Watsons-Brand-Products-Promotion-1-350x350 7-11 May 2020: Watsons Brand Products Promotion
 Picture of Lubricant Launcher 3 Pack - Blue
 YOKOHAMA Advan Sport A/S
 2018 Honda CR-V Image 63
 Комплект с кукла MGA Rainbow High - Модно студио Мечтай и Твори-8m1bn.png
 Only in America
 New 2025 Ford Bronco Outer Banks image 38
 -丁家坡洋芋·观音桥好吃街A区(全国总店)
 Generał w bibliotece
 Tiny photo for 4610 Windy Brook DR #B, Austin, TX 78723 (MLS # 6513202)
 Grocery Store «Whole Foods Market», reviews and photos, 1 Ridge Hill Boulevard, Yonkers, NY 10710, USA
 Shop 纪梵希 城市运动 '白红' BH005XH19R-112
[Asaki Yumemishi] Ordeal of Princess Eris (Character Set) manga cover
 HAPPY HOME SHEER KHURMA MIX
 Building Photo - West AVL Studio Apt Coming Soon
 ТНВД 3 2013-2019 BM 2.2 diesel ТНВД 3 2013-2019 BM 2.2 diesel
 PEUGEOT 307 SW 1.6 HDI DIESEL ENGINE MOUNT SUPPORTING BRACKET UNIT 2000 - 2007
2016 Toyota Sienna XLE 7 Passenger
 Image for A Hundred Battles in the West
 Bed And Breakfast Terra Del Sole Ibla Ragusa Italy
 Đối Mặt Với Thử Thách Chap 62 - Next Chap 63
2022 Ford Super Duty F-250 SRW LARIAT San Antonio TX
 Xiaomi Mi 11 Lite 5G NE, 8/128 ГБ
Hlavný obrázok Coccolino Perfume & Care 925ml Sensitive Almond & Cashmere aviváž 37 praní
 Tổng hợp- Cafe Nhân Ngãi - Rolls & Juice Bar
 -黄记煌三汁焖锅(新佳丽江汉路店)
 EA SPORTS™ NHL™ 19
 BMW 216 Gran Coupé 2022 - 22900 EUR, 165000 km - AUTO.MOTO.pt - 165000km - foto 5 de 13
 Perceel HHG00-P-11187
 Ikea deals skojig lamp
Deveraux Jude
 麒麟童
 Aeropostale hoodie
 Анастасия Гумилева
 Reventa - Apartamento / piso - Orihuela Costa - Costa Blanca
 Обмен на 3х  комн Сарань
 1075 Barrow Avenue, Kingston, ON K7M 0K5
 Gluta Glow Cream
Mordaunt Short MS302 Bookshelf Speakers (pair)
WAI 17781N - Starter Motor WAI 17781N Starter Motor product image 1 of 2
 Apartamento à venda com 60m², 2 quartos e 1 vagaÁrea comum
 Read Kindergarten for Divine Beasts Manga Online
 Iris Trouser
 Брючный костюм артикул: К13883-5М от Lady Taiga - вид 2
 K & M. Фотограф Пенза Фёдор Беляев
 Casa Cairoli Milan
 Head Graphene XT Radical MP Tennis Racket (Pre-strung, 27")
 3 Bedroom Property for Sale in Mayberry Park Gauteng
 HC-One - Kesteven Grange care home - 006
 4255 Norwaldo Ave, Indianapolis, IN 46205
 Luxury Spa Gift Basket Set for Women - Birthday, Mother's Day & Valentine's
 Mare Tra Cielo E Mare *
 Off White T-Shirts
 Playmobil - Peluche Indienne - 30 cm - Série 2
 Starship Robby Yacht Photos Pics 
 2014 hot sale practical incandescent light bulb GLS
══════════
INSTRUCTIONS TO FOLLOW - Counting the line that contains "Обмен на 3х" as the first, copy exactly every line through the end of the records, and nothing else.

SOLUTION TO THE EXERCISE -
 Обмен на 3х  комн Сарань
 1075 Barrow Avenue, Kingston, ON K7M 0K5
 Gluta Glow Cream
Mordaunt Short MS302 Bookshelf Speakers (pair)
WAI 17781N - Starter Motor WAI 17781N Starter Motor product image 1 of 2
 Apartamento à venda com 60m², 2 quartos e 1 vagaÁrea comum
 Read Kindergarten for Divine Beasts Manga Online
 Iris Trouser
 Брючный костюм артикул: К13883-5М от Lady Taiga - вид 2
 K & M. Фотограф Пенза Фёдор Беляев
 Casa Cairoli Milan
 Head Graphene XT Radical MP Tennis Racket (Pre-strung, 27")
 3 Bedroom Property for Sale in Mayberry Park Gauteng
 HC-One - Kesteven Grange care home - 006
 4255 Norwaldo Ave, Indianapolis, IN 46205
 Luxury Spa Gift Basket Set for Women - Birthday, Mother's Day & Valentine's
 Mare Tra Cielo E Mare *
 Off White T-Shirts
 Playmobil - Peluche Indienne - 30 cm - Série 2
 Starship Robby Yacht Photos Pics 
 2014 hot sale practical incandescent light bulb GLS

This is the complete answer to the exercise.